How to complete this task:
Could you repeat the entries below exactly, but only from the line with "thumbnail image 5" through the line with "BAKAJI Cesta de", and without any picture?

Records shown:
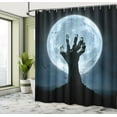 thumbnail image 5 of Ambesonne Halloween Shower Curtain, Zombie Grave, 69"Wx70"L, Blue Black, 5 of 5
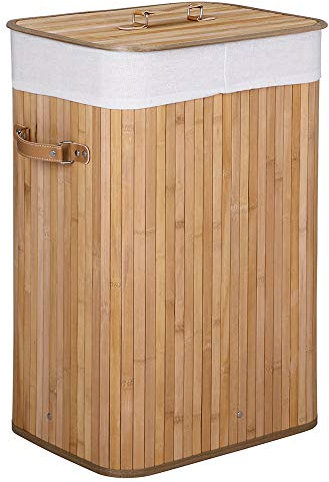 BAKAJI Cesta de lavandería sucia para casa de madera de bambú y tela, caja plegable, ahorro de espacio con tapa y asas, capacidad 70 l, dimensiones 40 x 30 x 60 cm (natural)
--
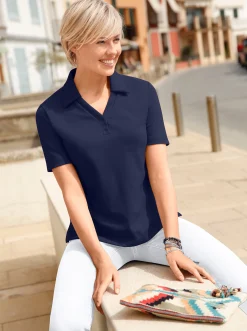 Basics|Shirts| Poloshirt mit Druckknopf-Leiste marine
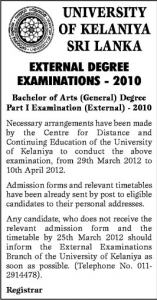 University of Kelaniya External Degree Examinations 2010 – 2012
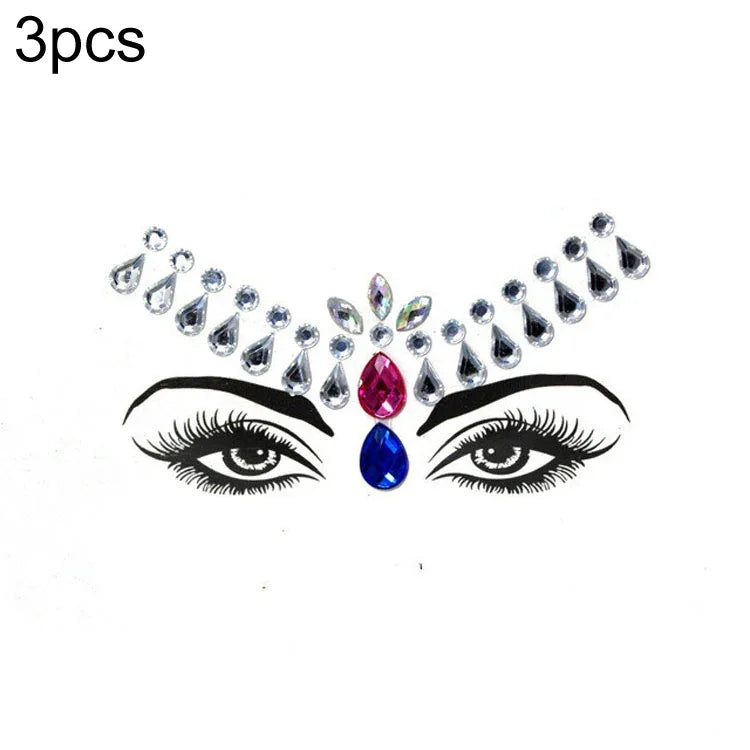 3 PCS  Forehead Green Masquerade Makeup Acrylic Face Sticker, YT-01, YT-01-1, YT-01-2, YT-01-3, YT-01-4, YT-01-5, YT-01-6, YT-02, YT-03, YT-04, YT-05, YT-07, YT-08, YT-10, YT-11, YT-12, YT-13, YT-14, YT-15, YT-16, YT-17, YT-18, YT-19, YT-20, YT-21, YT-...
--
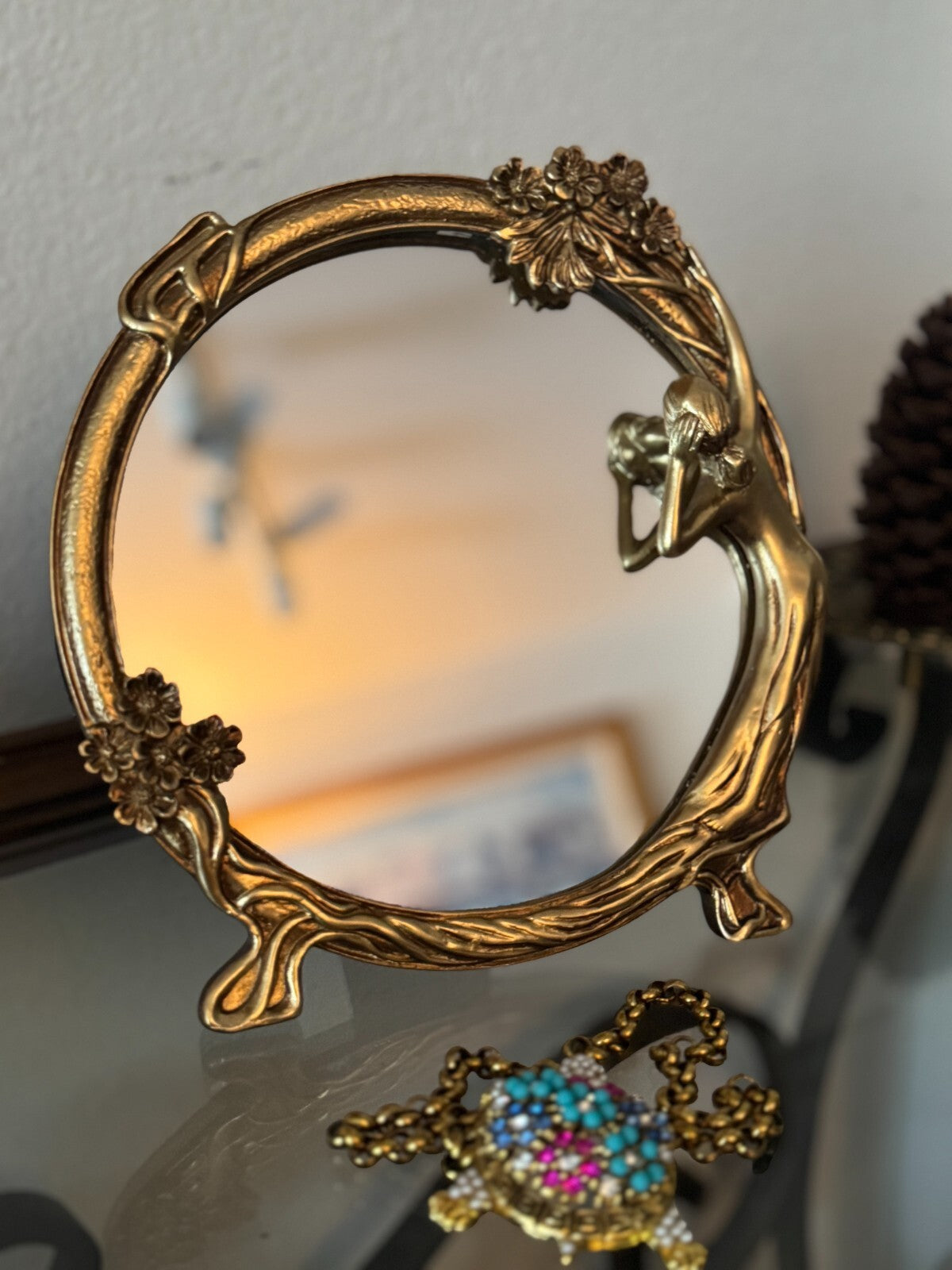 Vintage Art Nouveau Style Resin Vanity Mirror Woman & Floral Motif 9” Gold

Task solution:
 thumbnail image 5 of Ambesonne Halloween Shower Curtain, Zombie Grave, 69"Wx70"L, Blue Black, 5 of 5
 BAKAJI Cesta de lavandería sucia para casa de madera de bambú y tela, caja plegable, ahorro de espacio con tapa y asas, capacidad 70 l, dimensiones 40 x 30 x 60 cm (natural)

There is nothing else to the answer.